Activity – Although the entries contain pictures, your copy should hold only their exact text.

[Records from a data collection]

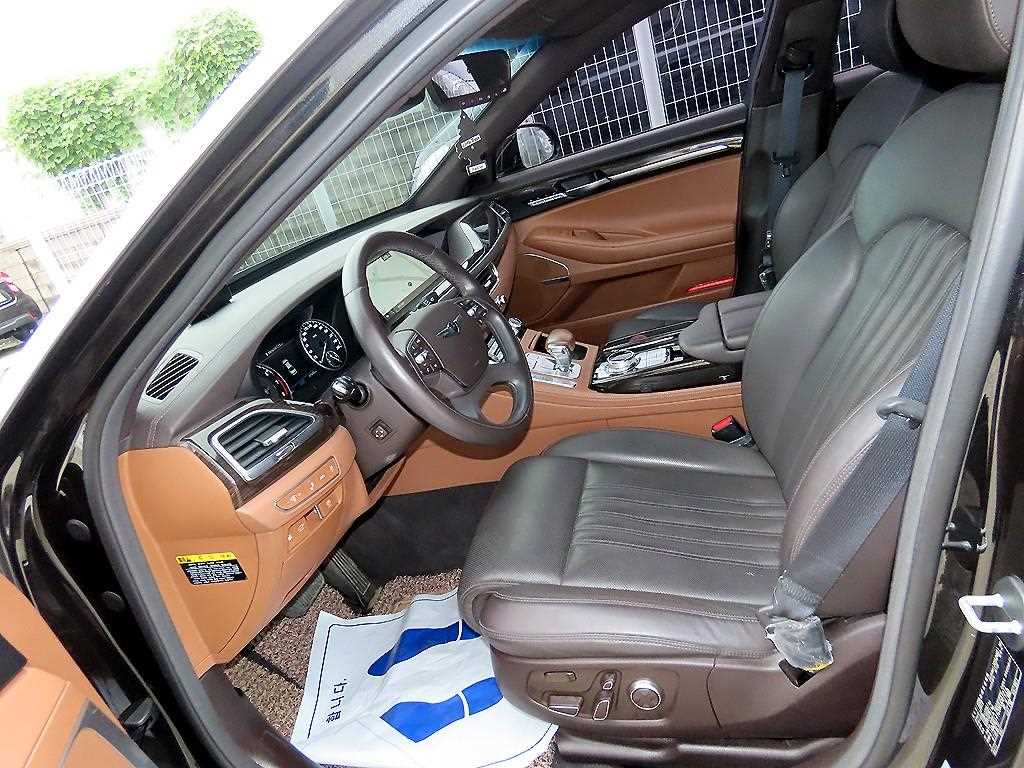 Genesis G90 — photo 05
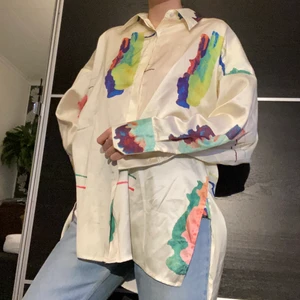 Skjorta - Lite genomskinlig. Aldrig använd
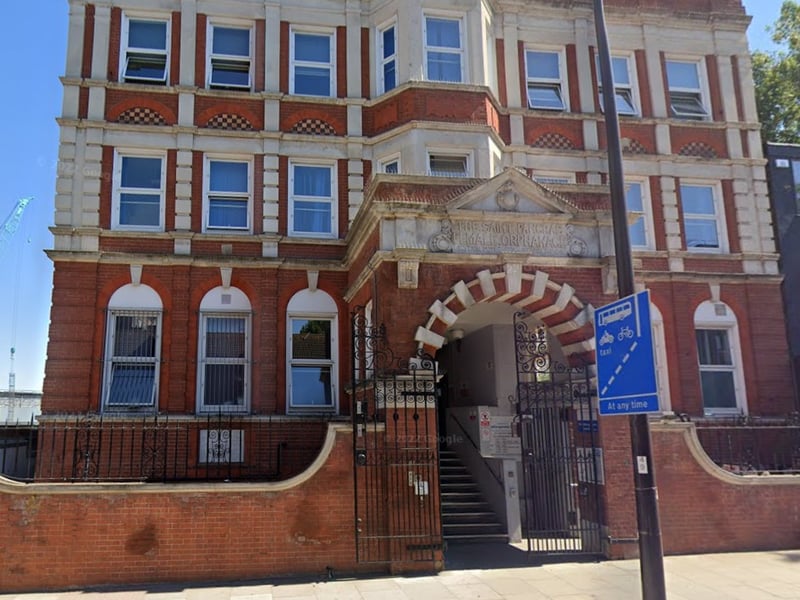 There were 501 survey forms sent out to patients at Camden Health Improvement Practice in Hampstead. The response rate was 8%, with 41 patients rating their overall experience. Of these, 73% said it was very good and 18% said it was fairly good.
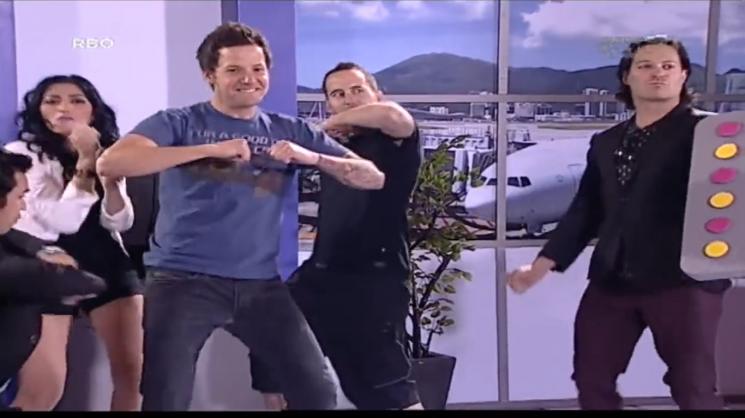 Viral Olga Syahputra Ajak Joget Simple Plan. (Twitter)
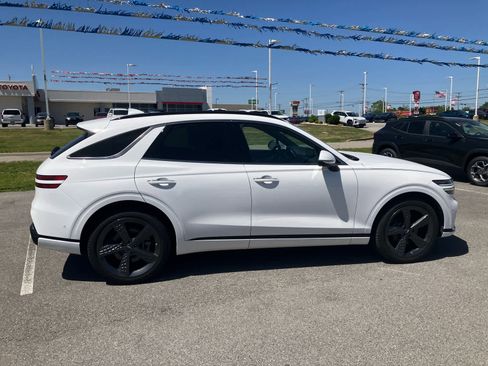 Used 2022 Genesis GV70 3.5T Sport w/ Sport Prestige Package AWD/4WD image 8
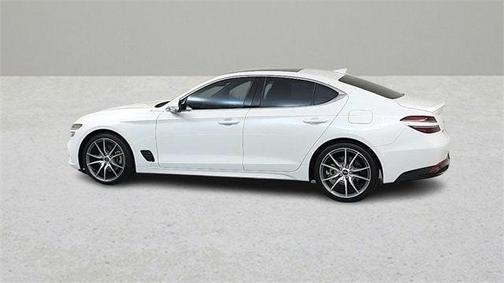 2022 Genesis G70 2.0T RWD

Worked solution –
 Genesis G90 — photo 05
 Skjorta - Lite genomskinlig. Aldrig använd
 There were 501 survey forms sent out to patients at Camden Health Improvement Practice in Hampstead. The response rate was 8%, with 41 patients rating their overall experience. Of these, 73% said it was very good and 18% said it was fairly good.
 Viral Olga Syahputra Ajak Joget Simple Plan. (Twitter)
 Used 2022 Genesis GV70 3.5T Sport w/ Sport Prestige Package AWD/4WD image 8
 2022 Genesis G70 2.0T RWD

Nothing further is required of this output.